My book, Is Atheism Dead?
It's a big deal.
If you have my book as Atheism Dead, you can read about it right now.
But I'm speaking to Carlos Campo, who's with the Museum of the Bible, to get the details.
It's just amazing to have this.
Hey there, folks.
As promised, I have as my guest right now, Carlos Campo.
He's the president of the Museum of the Bible.
Carlos, thanks for coming on.
Thanks, Eric.
And thanks for the way you support the Museum of the Bible.
We're so grateful of the many visits you've made here.
I don't want people to know about the millions that I have given.
That's anonymous.
I want to be very clear.
That's anonymous.
Yeah.
No, seriously, I almost can't believe the Museum of the Bible exists.
It's what a crazy thing.
You sort of think like, oh, all the great stuff has already happened.

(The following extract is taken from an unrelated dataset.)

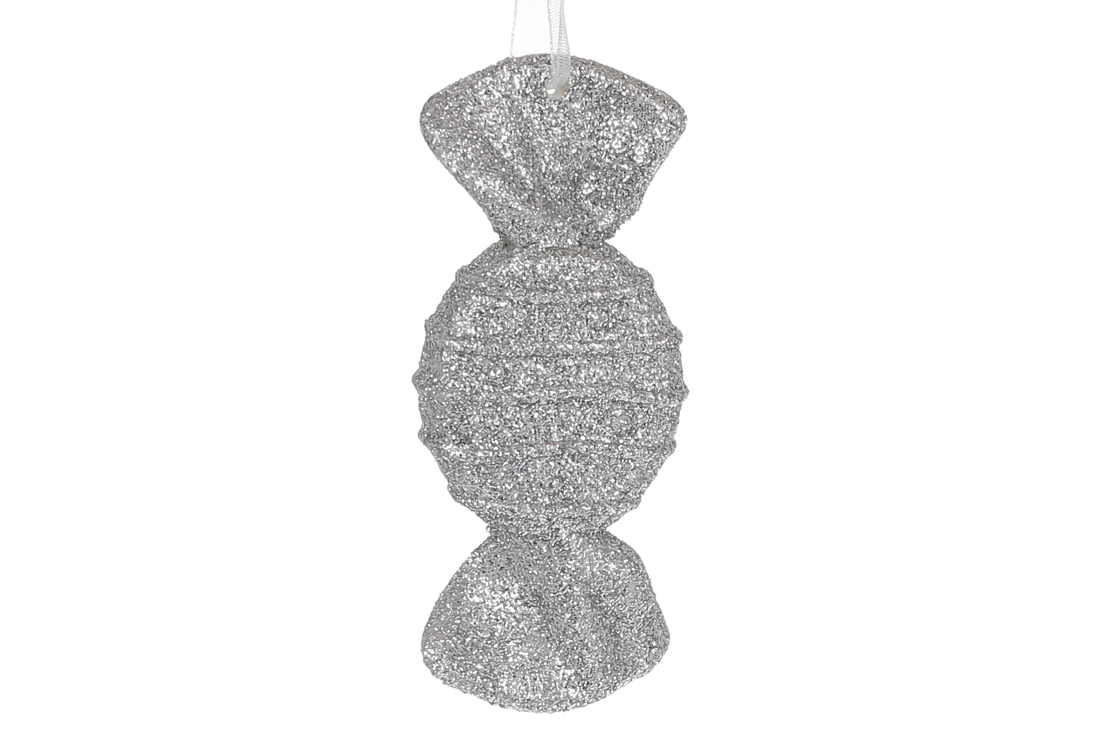 Ялинкова прикраса Цукерка, 9см, колір - срібло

It's like, no, there are people doing things like saying, hey, let's create a Museum of the Bible on the Mall in Washington, D.C.
It's amazing.
It's just almost impossible to believe.
Is this real?
Is this real?
Yes, it is?
I was talking to Carrie Summers recently, who was instrumental in creating the whole museum,
friends with the Greens.
So I'm a big booster of the Museum of the Bible and thrilled that I get to do that.
You know, nobody's paying me to do that.
It's just a joy to know that it exists.
And I want to get the word out to people.
If you're going to Washington, D.C., oh, my goodness, spent a couple of days there.
So the latest thing, of course, and this is a big deal.
I wrote about this in my book is atheism dead.
The discovery of the Dead Sea Scrolls,
the significance of the Dead Sea Scrolls,
really mind-blowing.
But most people have never seen the Dead Sea Scrolls.
We have to take people's word for it.
That's fine.
But the idea that the Museum of the Bible
is hosting an exhibit right now
where people can actually lay their eyes
on some of the actual Dead Sea Scrolls,
It's hard to believe folks, but it's true. So Carlos, it's why I wanted to bring you on to tell us about that.
Well, it really is extraordinary. Eric, the reality is no Dead Sea Scroll has been in Washington, D.C. since 1993.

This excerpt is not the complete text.